The change from baseline in FTM motor performance score was calculated from the sum of FTM Part B items 11 (handwriting for the dominant hand, irrespective of treatment) and 12–15 (drawing a large/small spiral, drawing a line and pouring for the treated limb only). The scale ranged from 0 (normal) to 4 (severe) for each item and from 0 (normal) to 20 (severe) for the sum of all five motor tasks.
5.4.2. Global Impression of Change
The physicians’ and patients’ GIC were assessed using the GICS, a 7-point Likert scale [25
] from −3 (very much worse) to +3 (very much improved) every 4 weeks from Week 4 to Week 24 post-injection.
5.5. Safety Assessments
5.5.1. Adverse Events
Adverse events were monitored, and predefined adverse events of special interest thought to be a possible indication of toxin spread, based on Medical Dictionary for Regulatory Activities-preferred terms (version 19.0), were monitored by targeted questioning. TEAEs, including those of special interest, were analyzed. These were defined as adverse events with onset or worsening at/after date and time of the first administration of incobotulinumtoxinA.
5.5.2. Other Safety Assessments
Maximum grip strength (kg) was measured for both hands using a hand-held dynamometer. Details of additional safety assessments (MRC MMT and self-perceived weakness) are presented in the supplementary materials
5.6. Statistical Analysis
No formal sample size calculation was performed, and all analyses were exploratory. Two-sided 95% CIs (based on the t-distribution) were calculated for the change from baseline and for treatment differences for efficacy variables. The treatment groups were compared using sensitivity ANCOVA, mixed model repeated measures (MMRM), and the Wilcoxon rank-sum test, using observed cases. Descriptive p-values from ANCOVA, MMRM, and the Wilcoxon rank-sum test were provided as appropriate.
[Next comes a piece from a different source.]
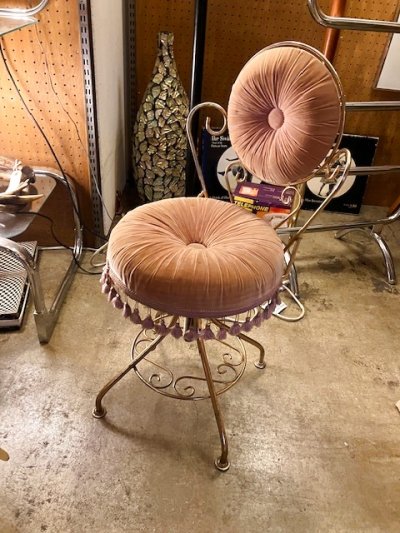 画像1: Vintage Vanity Chair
Efficacy analyses were based on the full analysis set (all treated patients with a post-baseline value for any efficacy variable) and on the per-protocol population (patients in the full analysis set, for whom no major protocol violations were recorded) for the sensitivity analysis. Safety data were based on the safety evaluation set (all patients who received study medication) and summarized descriptively. Statistical analyses were performed using SAS® version 9.2 (SAS Institute, Cary, NC, USA).
5.7. Standard Protocol Approvals, Registrations, and Patient Consents
The study was conducted in accordance with the International Conference on Harmonization Guidelines, applicable regulations, and the principles of the Declaration of Helsinki. The study protocol was reviewed by an independent ethics committee or institutional review board at each study site. The study was approved by the: Western Institutional Review Board, Puyallup, WA, Canada; University Health Network Research Ethics Board, Toronto, Canada; University of Manitoba Bannatyne Campus Research Ethics Board, Manitoba, Canada; and BRANT IRB Accreditation Consulting Services, Lake Success, New York, NY, USA (further details in Table S5
). All patients provided written informed consent.